Sexual harassment has become an increasingly prevalent issue in human resources management. To
properly identify an individual’s behaviour as sexual harassment, a Canadian Human Rights tribunal
established three important characteristics of this act: The encounters must be unsolicited, unwelcome
by the complainant, and expressly or implicitly known by the respondent to be unwelcome, the conduct
must continue despite the complainant’s protests (or if conduct stops, the protests must have led to
negative employment consequences), and the complainants cooperation must be due to employment
related threats or promises. In the Maple Leafs Shoes Ltd. case, these precedents set out by the Human
Rights Tribunal are met. Rosetta received unsolicited and unwelcome harassment throughout her day at
work, and while she made it clear she was uncomfortable, the respondents continued to do so with
intention. The conduct continued despite Rosetta’s complaints to both coworkers and Al until she was
forced to make a decision between her job and her basic rights as an employee. This conduct is classified
as sexual harassment and can result in major penalties for Maple Leafs Shoes Ltd through compensatory
damages and bad publicity.
2. If you were Eva, what would – and what could – you do?
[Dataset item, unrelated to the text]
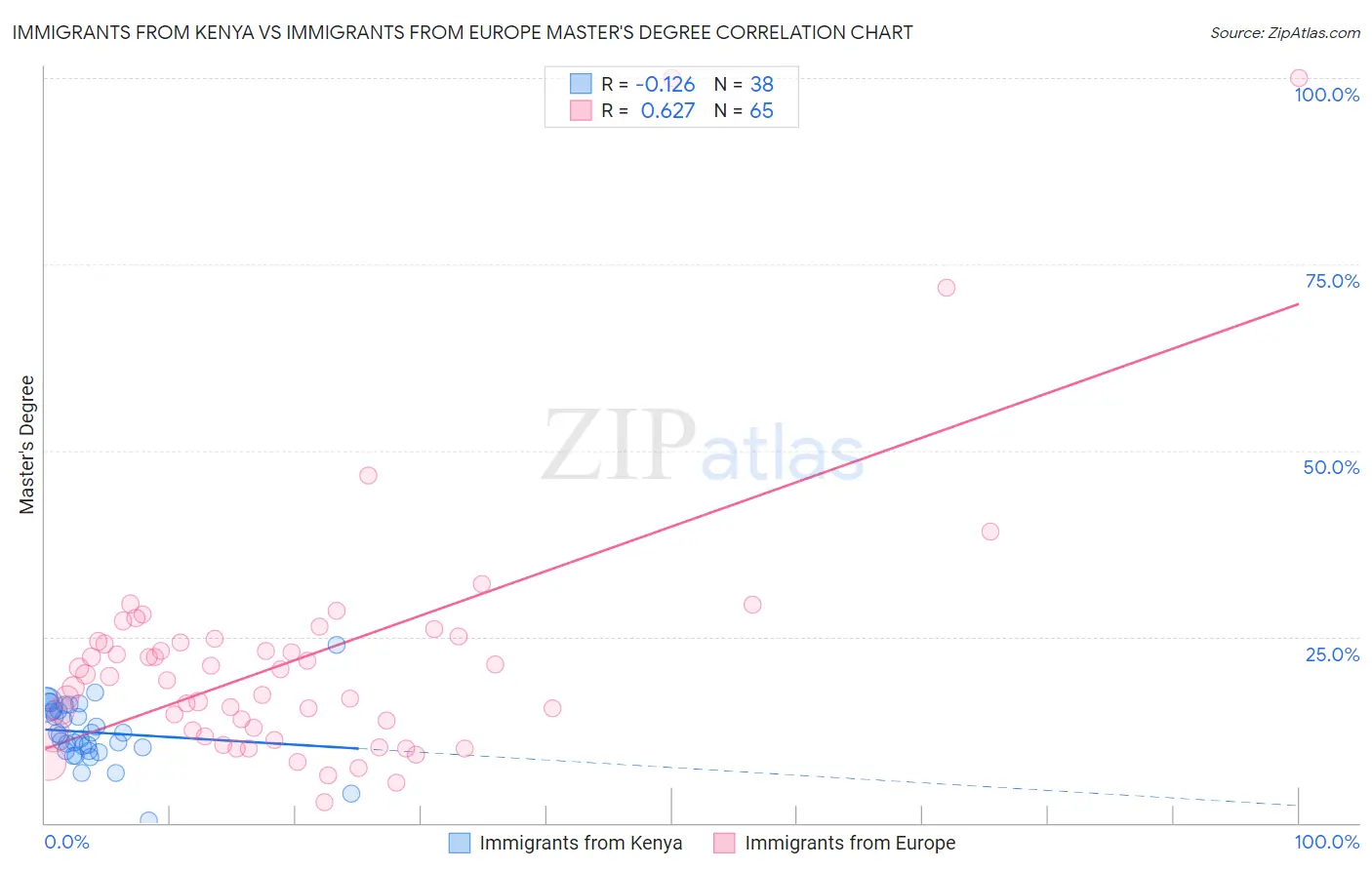 Immigrants from Kenya vs Immigrants from Europe Master's Degree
What are the options? What is the
probability of success in each option?
In order to take action against Al, and Maple Leaf Shoes Ltd. in defence of Rosetta and fellow female
workers, Eva must first contact Rosetta and fellow female coworkers in order to gain an idea of how
many women have felt personally victimized by the company such as Rosetta. After either convincing
the group to take action, or receiving permission to do so herself; Eva can begin her campaign. The
group or Eva must then contact the Canadian Human Rights Commission and file a formal complaint
against the company for harassment and discrimination.